The dawn of trains.
To be sure we do still have them. Electric and diesel trains mostly. But there is something about trains, particularly steam locomotives, that just feels super old yet not in the ugly very problematic way, but moreso in the charming way.
I know that the age of steamies wasn't really that much of a big deal, they were just everywhere because they were the only thing humans had at the time before other means of transportation became available.
And yet, I take one look at old footage of trains from the 60's or 70's and I think "man, I'd love to be a train engineer and just travel the country on a train". Billowing past vast countrysides at immense speeds, doing real work that involved getting your hands dirty as a result of having to shovel coal every so often.
The gif above especially speaks to me because one look at that just immediately catapulted these thoughts that have ingrained into me since I was still learning to speak.
For that I can thank/blame, the late 80's-early 90's show Shining Time Station. My dad recorded a ton of the Thomas the Tank Engine segments for me when they ran reruns on PBS and sometimes he left in the ending tune, which sticks with me even now.
The song itself screams 80's cheese. Like, it doesn't sound out of place at all on the soundtrack to a Care Bears movie or something.
And despite that I am mesmerized and super charmed by it to no end.
This. Fucking. Shot.
Keep in mind that I was probably watching the VHS tape my dad recorded this on in like 1999 when I was five and just starting to get a sense of things. Even though this song was only 10 years old by that point, it felt like it was a lot older. The harsh way of saying it is that it sounded dated the minute Kevin Roth sang it, the more poetic way of saying it is that it feels like it's from a magical time that never happened. At least to me anyway.
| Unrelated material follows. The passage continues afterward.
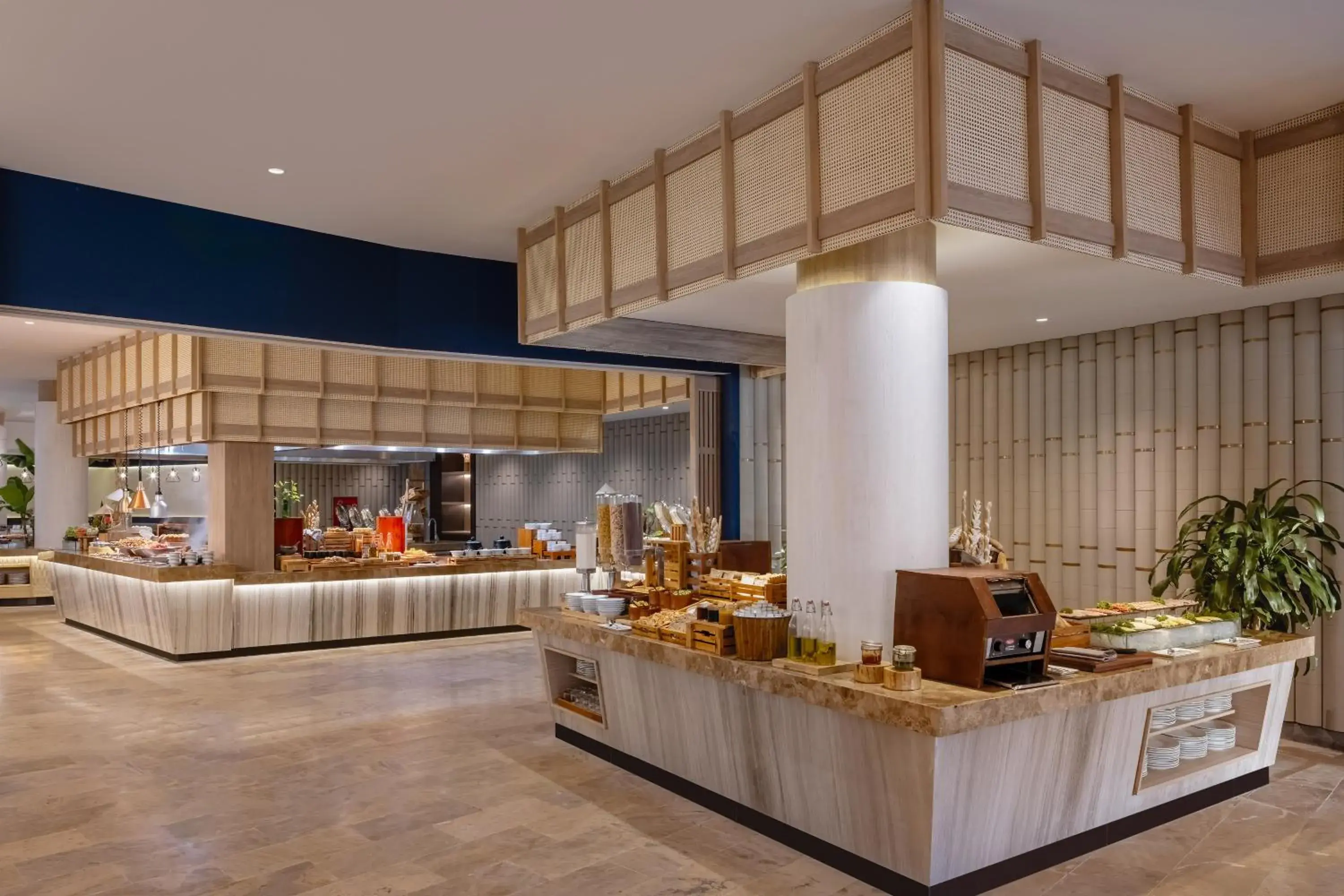 Restaurant/places to eat in Melia Danang Beach Resort Restaurant/places to eat in Melia Danang Beach Resort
It also doesn't hurt that I obviously associated this with Thomas the Tank Engine, a show that is very vague about what time period it's set in, but the books make it very clear that it's set from 1915 onward (did you know that Thomas was accidentally sent to The Island of Sodor from England due to a clerical error on the manufacturer's part during World War I?!). Much of the stories take place in the 1920's and 1930's I'd assume. Either way that itself gave off charming old times vibes.
I've long since grown out of Thomas but damn, seeing that real life train run down the tracks with that cheesy 80's music playing is a real punch to my nostalgia gut.
Apparently the footage for the theme song comes from the 1981 documentary Eighty Four Forty Four, which is about the 800 class Northern-type 4-8-4 steam locomotive that chugged along the Union Pacific Railroad many decades ago. Also the documentary itself was made by the Union Pacific Railroad Public Relations and Advertising Department so that's why it waxes nostalgia so much. It's very surreal seeing the same iconic images of the steam locomotive that I could've sworn was Henry or Gordon with a black coat of paint look somehow older than VHS footage from 1995.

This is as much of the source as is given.